The sampling distribution of a sample statistic is a theoretical distribution, one that we'll never actually observe or be able to create by brute force, that describes all possible values of a sample statistic from random samples of the same size, taken from the same population.

So let's talk about the theoretical sampling distribution of sample mean heights of random samples of, say, 50 Nepali children who are 12 months old. In reality, any researcher studying this population. We wanted to study 50 children, we would take one random sample sized 50, but the theoretical sampling distribution would occur if somebody, or what it represents is the process of taking all possible random samples of size 50 from this large population of 12 month old Nepalese children. Taking all possible samples of size 50. So maybe sample one has 50 children. And the mean height in this group is 69 centimeters. Sample two has 50 children. And the mean height in this group of 50 is 70.4 centimeters. In sample three, that's 50 children and the mean height in this group

is 67.6 centimeters, so on and so forth. And if we were to exhaust all possible random samples, of which there might be close to infinite, and compute the sample means for all possible unique random samples of size 50. And then plot those in a histogram,

those mean values. So this histogram would show the distribution, not of individual heights of children in any one of the samples, but it would show the distribution of the summary measures, the sample means, across the different samples of size 50. And that would be our theoretical sampling distribution.

And we'll see by computer simulation in the next set of lectures, what the resulting distributions tend to look like. Obviously, we would never do this process in real life. This is where we'd end up if we did.

Similarly, we can think about generating theoretical sampling distribution of a sample proportion of people voting for candidate A from random samples of 100 city, Baltimore city residents. And that would be if we enumerated all possible random samples with 100 people, and surveyed 100 people at a time in each of our samples as to whether they'd vote for candidate A or not. And, we get differing estimates depending on the sample we are looking at.

And, if we did this for all possible random sub-samples, of 100 people from the population of Baltimore City residents. And, then generated a histogram, generate a histogram of those sample proportions across the, probably, hundreds of thousands of random samples that we could do that were unique. That distribution would be the theoretical sampling distribution of the sample proportion of persons who would vote for candidate A, based on a sample size 100. And

So again, we're just getting started here for the sampling distribution that I've been speaking of is the theoretical entity. It can't be observed directly or exactly specified. And in real life research, we're only ever going to take one sample from each population under study. We would never take thousands and thousands of samples of 100 people at a time to understand the variability in our sample statistic.

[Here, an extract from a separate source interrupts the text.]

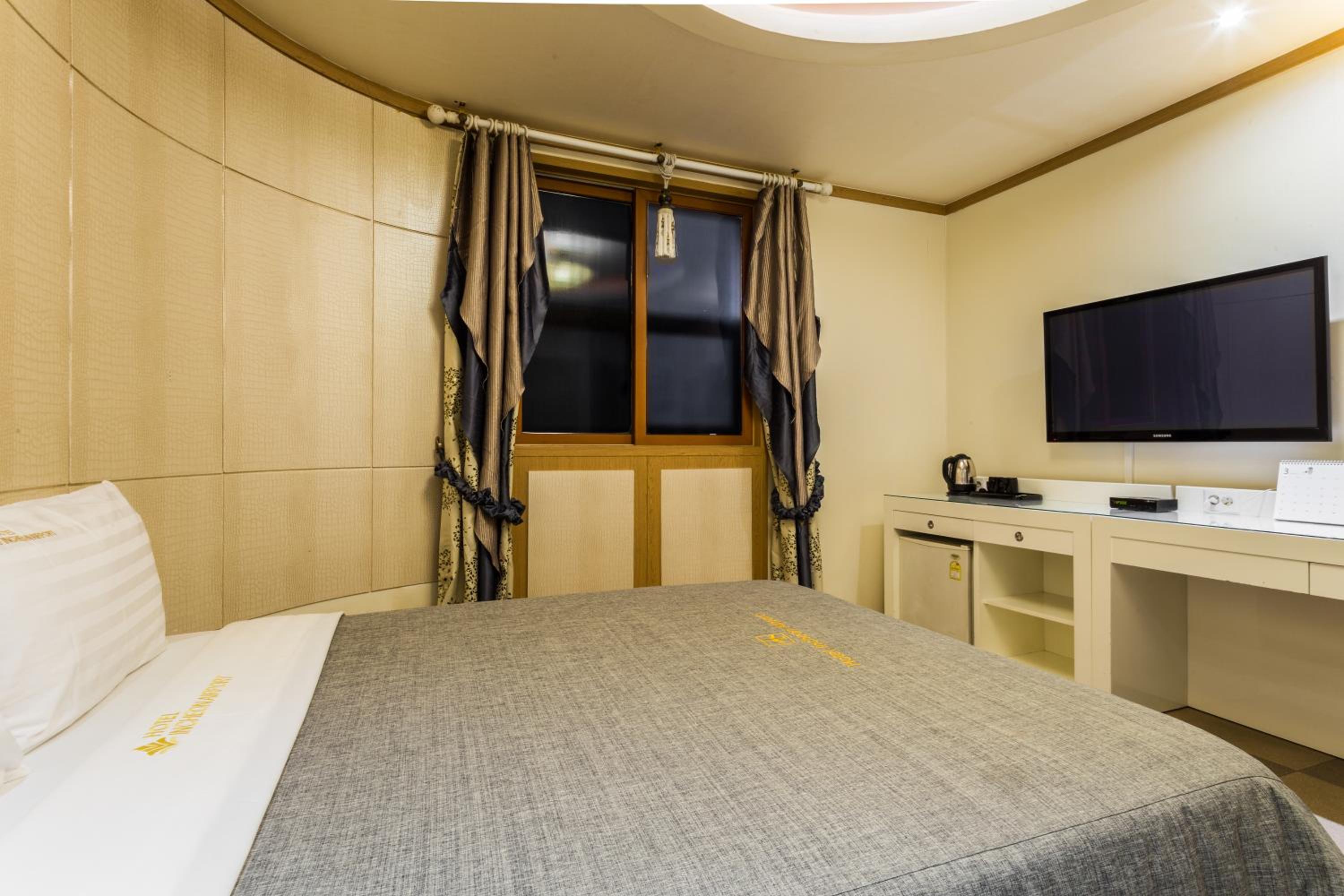 Standard Double Room - Photo 3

So, in lecture sections B through E, these will serve to further demonstrate and define sampling distributions, first by detailing the results of some computer simulations.

To do a better job of drawing the pictures I tried to draw in the previous slide. And with these simulations, which are just to illustrate a point, we'll empirically show some consistent properties of these sampling distributions, regardless of the sample statistic whose behavior we're looking at, mean, proportion, incidence rate. And then we'll unveil a mathematical property called the central limit theorem that will allow us to generalize the results we've seen in some specific examples.

In other words, this will allow us to say, in advance, without any data, what the sampling behavior of the statistic we're using estimate some group would look like across all possible random samples. And we can take that knowledge and couple it with the results from any single random sample from our population to estimate the characteristics of this distribution. And this will allows us to specify the sampling distribution from a single sample of data and then ultimately use that coupled with our estimated quantity to make an interval statement about the truth we're trying to study.